Em suma, o que não se pode aceitar são as decisões-surpresa, aquelas que surpreendem ou porque trazem temas não discutidos nos autos, violando a boa-fé objetiva obrigatória à todas as partes relacionadas ao processo, ou porque, sem nenhuma justificativa, modifica decisão anterior do juiz ou do juízo, ou ainda entendimento jurisprudencial pacificado.

No Direito contemporâneo não deve haver lugar para a imprevisibilidade das decisões judiciais, cujos exemplos ainda são expressivos atualmente. Essas situações se tornam ainda mais disruptivas à evolução do Estado Democrático de Direito.

A segurança jurídica é garantia constitucional e o direito deve prestigiar a previsibilidade e a estabilidade normativa e decisória.

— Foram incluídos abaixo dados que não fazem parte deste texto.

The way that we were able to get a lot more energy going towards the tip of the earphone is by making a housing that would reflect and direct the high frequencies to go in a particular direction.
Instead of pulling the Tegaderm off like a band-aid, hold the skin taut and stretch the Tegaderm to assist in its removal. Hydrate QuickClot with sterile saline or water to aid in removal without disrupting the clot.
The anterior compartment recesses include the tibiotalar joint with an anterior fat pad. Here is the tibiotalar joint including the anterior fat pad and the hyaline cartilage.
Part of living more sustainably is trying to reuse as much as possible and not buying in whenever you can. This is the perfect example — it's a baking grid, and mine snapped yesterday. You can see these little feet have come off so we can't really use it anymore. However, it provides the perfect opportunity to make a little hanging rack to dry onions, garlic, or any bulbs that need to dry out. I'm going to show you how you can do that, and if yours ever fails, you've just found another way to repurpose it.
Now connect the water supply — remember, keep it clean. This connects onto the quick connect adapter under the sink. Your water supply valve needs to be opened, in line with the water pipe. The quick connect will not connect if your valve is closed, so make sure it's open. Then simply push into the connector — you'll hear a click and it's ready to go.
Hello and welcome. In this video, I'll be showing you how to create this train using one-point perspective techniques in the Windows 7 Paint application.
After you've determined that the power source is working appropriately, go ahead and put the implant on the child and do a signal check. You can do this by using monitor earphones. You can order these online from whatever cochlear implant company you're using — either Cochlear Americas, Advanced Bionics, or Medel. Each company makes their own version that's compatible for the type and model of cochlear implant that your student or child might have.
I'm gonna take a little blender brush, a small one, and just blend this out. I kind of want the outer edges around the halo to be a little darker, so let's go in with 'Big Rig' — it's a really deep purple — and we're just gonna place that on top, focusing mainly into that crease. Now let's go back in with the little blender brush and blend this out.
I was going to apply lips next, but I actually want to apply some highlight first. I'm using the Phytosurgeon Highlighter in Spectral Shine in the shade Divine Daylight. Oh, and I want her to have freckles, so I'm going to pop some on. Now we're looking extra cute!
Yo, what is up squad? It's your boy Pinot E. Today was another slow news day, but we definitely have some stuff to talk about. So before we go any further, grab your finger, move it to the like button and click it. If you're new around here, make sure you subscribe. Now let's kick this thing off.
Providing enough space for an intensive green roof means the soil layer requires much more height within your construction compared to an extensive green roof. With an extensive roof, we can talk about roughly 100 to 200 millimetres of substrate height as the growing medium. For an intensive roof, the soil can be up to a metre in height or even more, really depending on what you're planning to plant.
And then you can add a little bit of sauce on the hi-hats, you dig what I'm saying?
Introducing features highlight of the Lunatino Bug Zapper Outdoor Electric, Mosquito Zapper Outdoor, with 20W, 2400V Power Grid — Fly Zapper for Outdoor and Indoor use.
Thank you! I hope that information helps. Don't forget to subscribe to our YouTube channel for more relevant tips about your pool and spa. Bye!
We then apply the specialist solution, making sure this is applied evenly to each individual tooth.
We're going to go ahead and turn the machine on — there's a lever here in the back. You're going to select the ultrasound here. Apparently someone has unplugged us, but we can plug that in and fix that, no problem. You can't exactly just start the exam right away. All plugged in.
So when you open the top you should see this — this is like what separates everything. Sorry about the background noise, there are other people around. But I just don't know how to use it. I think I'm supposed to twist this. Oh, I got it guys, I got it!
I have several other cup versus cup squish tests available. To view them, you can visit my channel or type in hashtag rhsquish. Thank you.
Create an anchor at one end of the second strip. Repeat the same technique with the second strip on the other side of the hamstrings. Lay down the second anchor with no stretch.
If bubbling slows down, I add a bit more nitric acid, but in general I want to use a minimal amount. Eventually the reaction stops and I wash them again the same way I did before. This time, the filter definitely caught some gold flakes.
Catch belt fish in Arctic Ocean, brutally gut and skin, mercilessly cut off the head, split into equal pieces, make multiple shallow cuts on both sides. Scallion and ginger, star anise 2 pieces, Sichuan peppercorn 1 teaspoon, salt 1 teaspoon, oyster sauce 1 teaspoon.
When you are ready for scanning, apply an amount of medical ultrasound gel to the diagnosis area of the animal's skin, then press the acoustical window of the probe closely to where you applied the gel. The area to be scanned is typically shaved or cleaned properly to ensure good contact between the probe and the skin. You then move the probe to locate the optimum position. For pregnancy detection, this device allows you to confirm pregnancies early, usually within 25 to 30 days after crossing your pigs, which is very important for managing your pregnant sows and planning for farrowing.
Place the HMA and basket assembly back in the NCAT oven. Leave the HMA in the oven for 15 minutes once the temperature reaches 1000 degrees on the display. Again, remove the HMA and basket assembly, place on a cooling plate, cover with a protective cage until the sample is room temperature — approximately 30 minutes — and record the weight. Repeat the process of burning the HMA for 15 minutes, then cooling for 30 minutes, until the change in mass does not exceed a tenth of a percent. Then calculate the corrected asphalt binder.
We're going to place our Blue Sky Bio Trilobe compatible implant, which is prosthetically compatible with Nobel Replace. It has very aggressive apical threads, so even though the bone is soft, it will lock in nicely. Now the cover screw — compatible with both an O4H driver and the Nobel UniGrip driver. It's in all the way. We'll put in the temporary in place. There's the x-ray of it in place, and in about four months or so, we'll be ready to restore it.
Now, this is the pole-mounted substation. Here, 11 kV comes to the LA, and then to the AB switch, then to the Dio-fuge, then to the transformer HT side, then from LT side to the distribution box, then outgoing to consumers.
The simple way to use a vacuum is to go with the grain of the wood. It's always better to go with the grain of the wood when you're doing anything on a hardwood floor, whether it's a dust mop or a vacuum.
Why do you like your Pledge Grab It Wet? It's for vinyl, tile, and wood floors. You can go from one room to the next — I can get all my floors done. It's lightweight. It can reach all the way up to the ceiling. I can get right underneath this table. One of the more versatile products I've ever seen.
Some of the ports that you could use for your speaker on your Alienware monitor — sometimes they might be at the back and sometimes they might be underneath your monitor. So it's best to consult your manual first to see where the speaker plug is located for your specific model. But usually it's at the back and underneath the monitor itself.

Não há como fingir que não há uma crise em nosso Judiciário, diante do considerável número de decisões contraditórias no país, que acabam por violar legítimas expectativas das partes, desestabilizando todo o sistema, e tornando o princípio da segurança jurídica irrelevante e desprezível.

O presente artigo não pretende apontar erros ou trazer soluções a um problema atualmente tão frequente, porém tem o objetivo de chamar atenção para o fato de que o juízo é parte envolvida no processo e tem o poder-dever de prestigiar a estabilidade e a harmonia das decisões judiciais.

Roga-se, diante da atual conjuntura, que parta também dos juízos de origem essa retomada da prestação jurisdicional coerente, exercendo a busca real pela solução dos conflitos, pautados sempre na convicção motivada e, principalmente, na devida e adequada fundamentação das decisões, entregando a segurança jurídica que os jurisdicionados merecem.